▼

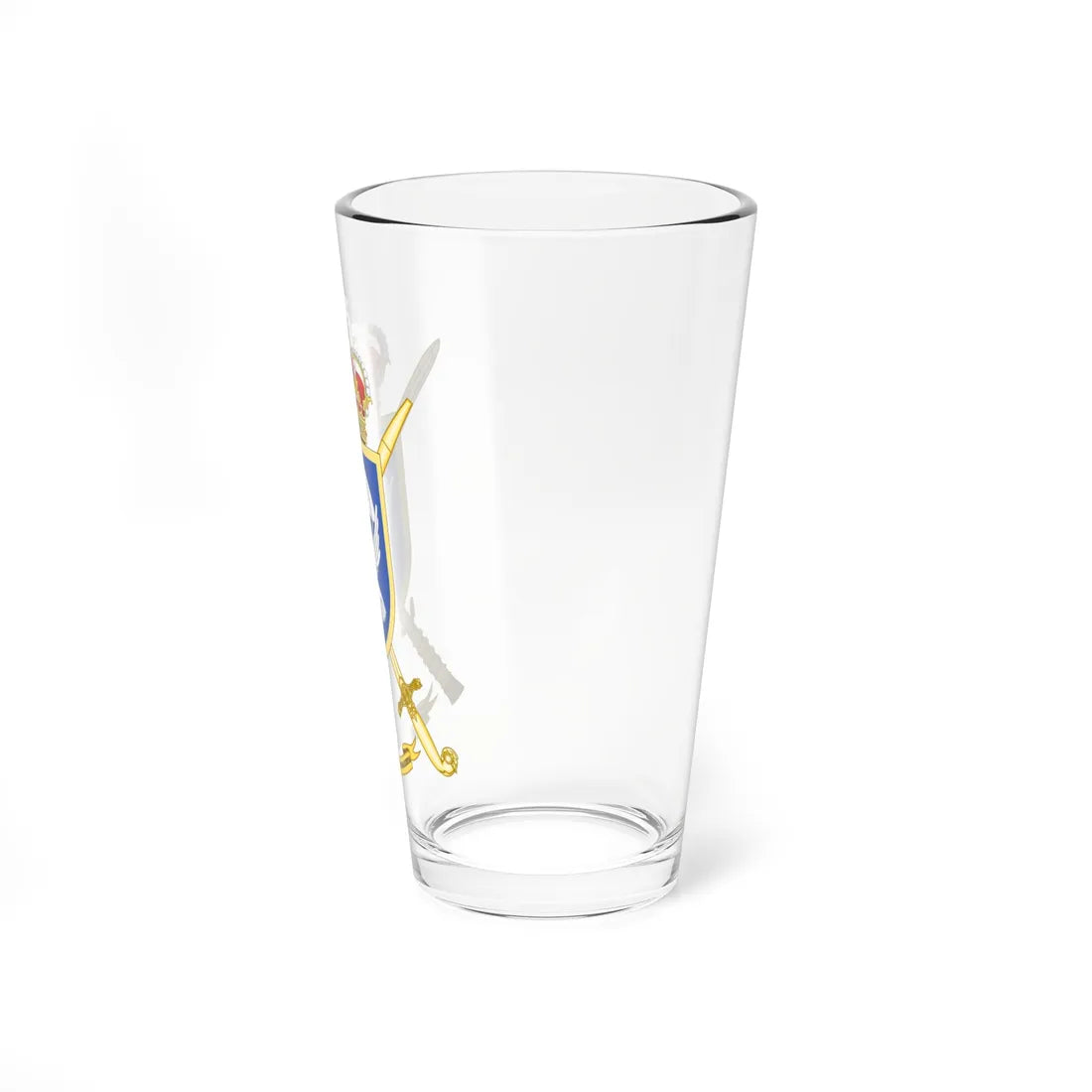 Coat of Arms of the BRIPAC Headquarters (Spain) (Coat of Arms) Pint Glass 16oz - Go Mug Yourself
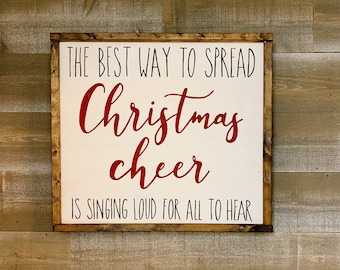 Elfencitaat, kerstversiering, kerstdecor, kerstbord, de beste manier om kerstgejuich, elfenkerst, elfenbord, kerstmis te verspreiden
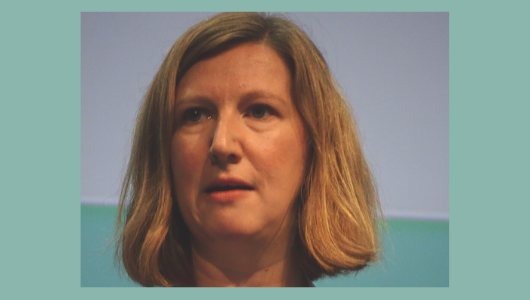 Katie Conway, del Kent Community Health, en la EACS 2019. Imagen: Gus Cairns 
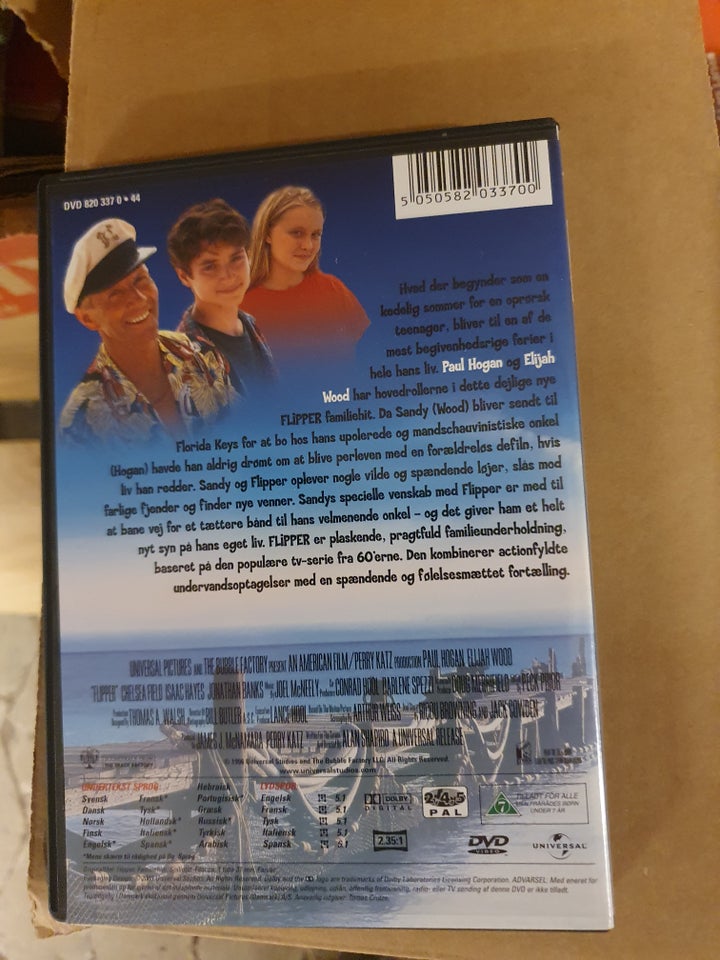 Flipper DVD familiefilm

▲

** Task directions **
Except for the pictures, give the data again word for word.

** Written solution **
 Coat of Arms of the BRIPAC Headquarters (Spain) (Coat of Arms) Pint Glass 16oz - Go Mug Yourself
 Elfencitaat, kerstversiering, kerstdecor, kerstbord, de beste manier om kerstgejuich, elfenkerst, elfenbord, kerstmis te verspreiden
 Katie Conway, del Kent Community Health, en la EACS 2019. Imagen: Gus Cairns 
 Flipper DVD familiefilm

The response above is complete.